DBD indicates donation after brain death; IQR, interquartile range.

Propensity-matched Cohort Analysis: Outcome

The postoperative course was similar for both groups and no statistically significant differences were observed (Table 3). Median ventilation was limited to 2 days for both groups. Discharge from ICU was achieved within a median of 6 (<70 years) to 7 days (≥70 years) and patients were discharged after a median hospital stay of 29 (<70 years) to 32 days (≥70 years). PGD-3 within the first 72 hours post-LTx was comparable between both groups (26% for the older vs 29% for the younger cohort; P = 0.85) and did not differ from the overall cohort (Supplemental Digital Content Fig. 3, http://links.lww.com/SLA/E439, which demonstrates the PGD-scoring at 0, 24, 48, and 72-hours post-LTx for the overall and matched cohorts). The reintervention rate for the elderly (29%) tended to be higher compared with the younger (16%) (P = 0.10). Follow-up bronchoscopy revealed bronchial stenosis, dehiscence, or fistula in 13 (19%) patients in the older versus 12 (17%) in the younger group. Bronchial intervention (lasering followed by balloon dilatation or stenting) was needed for 1 patient in each cohort.

TABLE 3.

Outcome of Propensity-matched Cohorts (<70 yr vs ≥70 yr)

Statistic <70 yr ≥70 yr P
Primary outcome
CLAD-free survival; % (95% CI) 0.41
 1 yr 84.2 (72.5; 91.2) 78.9 (66.9; 86.9)
 3 yr 68.6 (55.2; 78.7) 60.8 (47.1; 71.9)
 5 yr 59.2 (44.6; 71.1) 51.5 (37.3; 64.0)
Patient survival; % (95% CI) 0.72
 1 yr 90.6 (80.3; 95.7) 85.0 (73.9; 91.7)
 3 yr 80.4 (68.1; 88.4) 75.9 (63.1; 84.8)
 5 yr 73.1 (58.9; 83.1) 73.6 (60.2; 83.1)
PGD; n/N (%) 0.85
 Any PGD-3 20/69 (28.99) 18/69 (26.09)
 No PGD-3 49/69 (71.01) 51/69 (73.91)
Secondary outcome
Bronchoscopy; n/N (%) 1.00
 Abnormal 12/69 (17.39) 13/69 (18.84)
 Normal 57/69 (82.61) 56/69 (81.16)
ICU stay (d); median (IQR) 6.0 (4.0–13.0) 7.0 (4.0–12.0) 0.46
Hospital stay (d); median (IQR) 29.0 (25.0–46.0) 32.0 (23.5–51.0) 0.10
Reintervention; n/N (%) 0.10
 No 58/69 (84.06) 49/69 (71.01)
 Yes 11/69 (15.94) 20/69 (28.99)
Spirometry; median (IQR)
 FEV1 (liter) 0.25
 3 yr 2.35 (1.78–2.69) 1.98 (1.76–2.70)
 5 yr 2.22 (1.72–2.72) 2.08 (1.60–2.30)
 FVC (liter) 0.79
 3 yr 2.92 (2.59–3.49) 2.88 (2.47–3.63)
 5 yr 2.72 (2.48–3.13) 2.65 (2.38–3.03)
 TLC (liter) 0.88
 3 yr 4.66 (4.11–5.30) 4.45 (3.93–5.63)
 5 yr 4.47 (3.89–5.10) 4.40 (3.93–4.84)
DLCO (mmol/min/kPa) 0.16
 3 yr 4.32 (3.76–5.08) 4.22 (3.30–4.98)
 5 yr 4.15 (3.50–5.07) 3.83 (3.05–4.87)
Time on ventilator (d); median (IQR) 2.0 (1.0–5.0) 2.0 (1.0–4.0) 0.82

DLCO indicates diffusing capacity for carbon monoxide; FVC, forced vital capacity; IQR, interquartile range; TLC, total lung capacity.

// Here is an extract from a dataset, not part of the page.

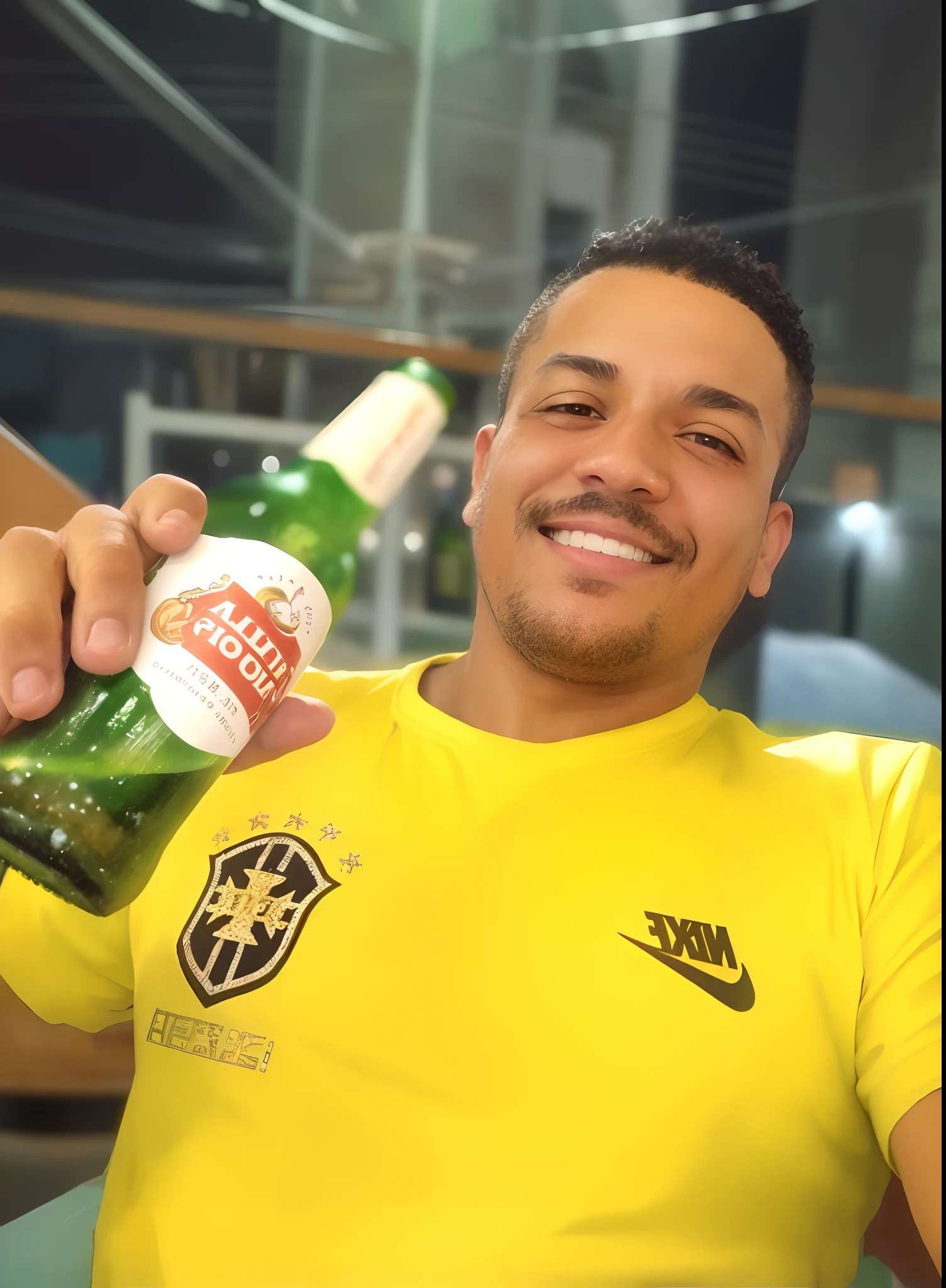 arafed man holding a beer bottle and a bottle of beer, ronaldo nazario, ronaldo nazario fenomeno, edu souza, adreas rocha, dan dos santos, ronaldo luis nazario da lima, carmelo blandino, caio santos, ástor alexander, david rios ferreira, icaro carvalho, ronaldo luis nazario de lima,pixarstyle um retrato na altura da cintura de um homem com sorriso, textura natural da pele, texturas 4k, hdr, intrincado, altamente detalhado, foco nítido, cinematic visual, hiperdetalhado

Five-year patient survival in the older group was 73.6%, equal to 73.1% in the younger group (P = 0.72) (Fig. 3). Three and 5-year CLAD-free survival was 60.8% and 51.5% for the older donor group, comparable to the younger cohort (68.6% and 59.2%, respectively; P = 0.41) (Fig. 3). Follow-up spirometry results up to 5 years posttransplant did not differ at any time point between the older and younger group (Fig. 4).

FIGURE 3.

FIGURE 3

Kaplan-Meier estimates for the 5-year patient and CLAD-free survival. A, Five-year patient survival (%). B, Five-year CLAD-free survival (%). No significant difference between survival for the propensity-matched cohorts of donors <70 years versus donors ≥70 years.

FIGURE 4.

FIGURE 4

Spirometry results pre and 5 years after lung transplantation. A, FEV1 (liter). B, FVC (liter). C, TLC (liter). D, DLCO (mmol/min/kPa). Five-year posttransplant spirometry results (FEV1, FVC, TLC, and DLCO) were compared using the Mann-Whitney U test. No significant differences in spirometry results for the propensity-matched cohorts of donors <70 years versus donors ≥70 years. DLCO indicates diffusing capacity for carbon monoxide; FVC, forced vital capacity; TLC, total lung capacity.

DISCUSSION

In this propensity-matched analysis of 69 LTx from septuagenarian and octogenarian donors, we observed equal short and long-term outcomes after bilateral LTx with lungs from selected donors ≥70 years compared with lungs from donors <70 years.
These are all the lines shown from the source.